という事で、魔銀の鎧の調整が済むまで、模擬戦はしばらくお預け……

という事になりそうである。

鬼ごっこの結果、カトリナ主従と姉は以前の夜会で冷戦状態となっていた事が嘘のように仲良くなっていたのだが……

「そっかー お姉ちゃん今日はカトリナちゃんの別棟にお客さんとしてお泊りさせてもらうから」

「おお、アリーの小さなころの話など、聞かせてもらいたいものだ」

「……姉さん、余計なことは言わないでちょうだい」

「今はこんなツンな性格だけれど、小さい頃はいっつーも私の後を『お姉ちゃん、お姉ちゃん』ってついて回ってねー」

「ほほぉ。随分可愛らしい妹御であったのだなぁ……」

「……」

嫌な予感しかしないが、嫌がればさらに調子に乗る姉が目に浮かぶので、彼女は全力で無視する事にした。

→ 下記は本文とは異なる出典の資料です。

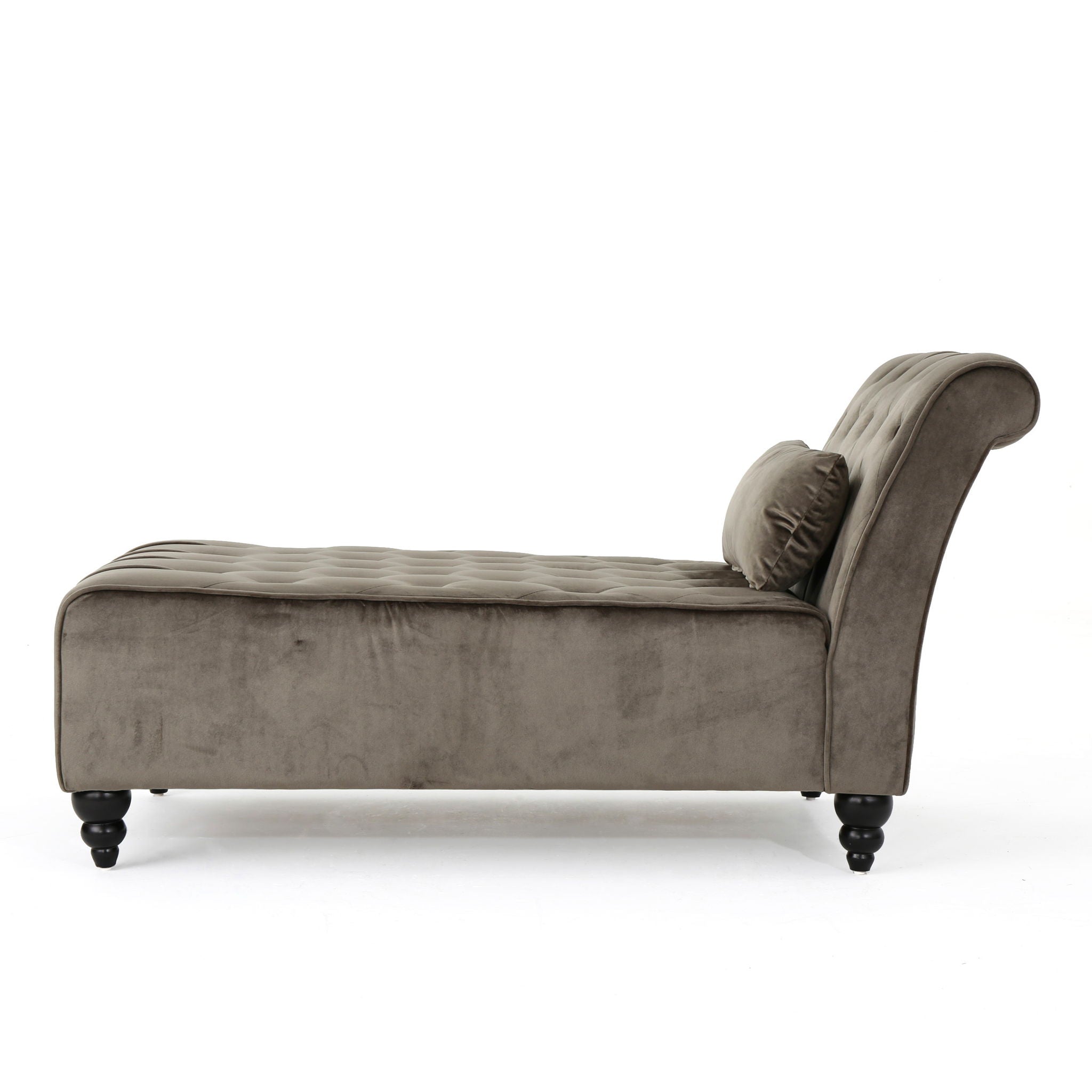 Ethereala - Upholstered Velvet Chaise Lounge With Button Tufted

部屋に戻ると、リリアル学院からの定時報告を確認する。大きな案件では無いものの、気になる報告が目に付いた。それは、中等孤児院を設立する予定である、王都内の共同墓地に関する内容であった。

『……スペクターね……』

「幽霊騒ぎで工事が遅れている……ということね」

共同墓地から遺骨を郊外の納骨堂に移す為、掘り返しの作業が入っているのだが、その影響か夜間に幽霊騒ぎが起こっているというのである。元々、人が寄り付かない場所でさらに夜間であるから、「誰が見たんだよ」という話でもある。

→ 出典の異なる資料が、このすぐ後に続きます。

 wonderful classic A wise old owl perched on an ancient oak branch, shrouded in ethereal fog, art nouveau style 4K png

「怖いもの見たさで見に行った人が噂を広めているのかもね」

「中に入り込んで悪さしている者でもいるのかしらね」

「それで、怖い噂を流して……逆効果になっているとかなのかもね」

人除けのつもりの怖い噂で却って物見遊山が集まっているというのだろうか。とは言え、作業をしているのは明るい時間であるし、主に孤児院関係の作業員が入っているので、幽霊騒ぎで墓地の移転が中止されるとも思えない。

「もう少し様子見でしょうね。万が一の時は……」

「聖女であるシスター・アリーが鎮魂しに行くわけね☆」

「その時は、シスター・メイとシスター・アイネも強制参加よ!」

「……あなたのお姉さんは……」

「大喜びでついて来るわね……訂正するわ」

夜の墓地に妹に誘われて一緒に出向くなどというのは……あの姉にとってビックなプレゼントに過ぎない。むしろ、全力で妹を脅かしにかかるだろうことは言うまでもない。なんなら、商会員を動員してもお化け騒動を引き起こしかねない存在だ。

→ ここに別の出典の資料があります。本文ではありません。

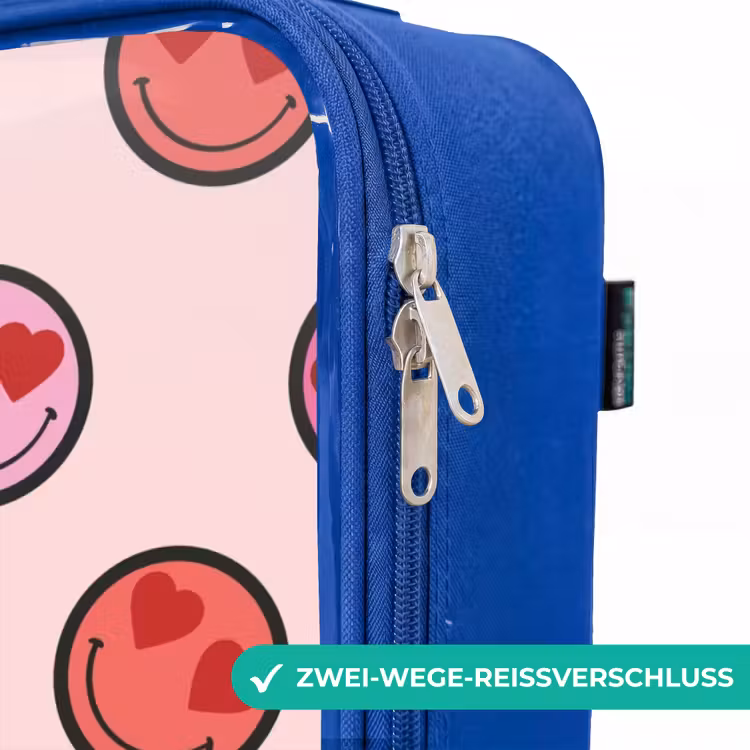 Kinderkoffer Blau - Herz - Smiley - Muster — 5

「実際に、ゴーストやスピリットやスペクターが出た場合、どうすればいいのかしらね」

『そりゃ、本職の司祭にでもお願いするしかないんじゃねぇの』

『魔剣』の指摘は正しいだろう。そして、魔剣曰く……自分の中に取り込めるかもという。

「あなたが取り込む」

『おお、あいつらの思念を取り込んで……俺が従えるか』

「できるのかしら、あなたに」

『お前のサポートがあればな。浄化するより、取り込んで……それを利用する方が使い勝手がいいんじゃねぇか』

『魔剣』から『スペクター』化した古の魔術師が現れて、魔術で支援でもしてくれると、彼女の依頼も楽になる気がする。大いに。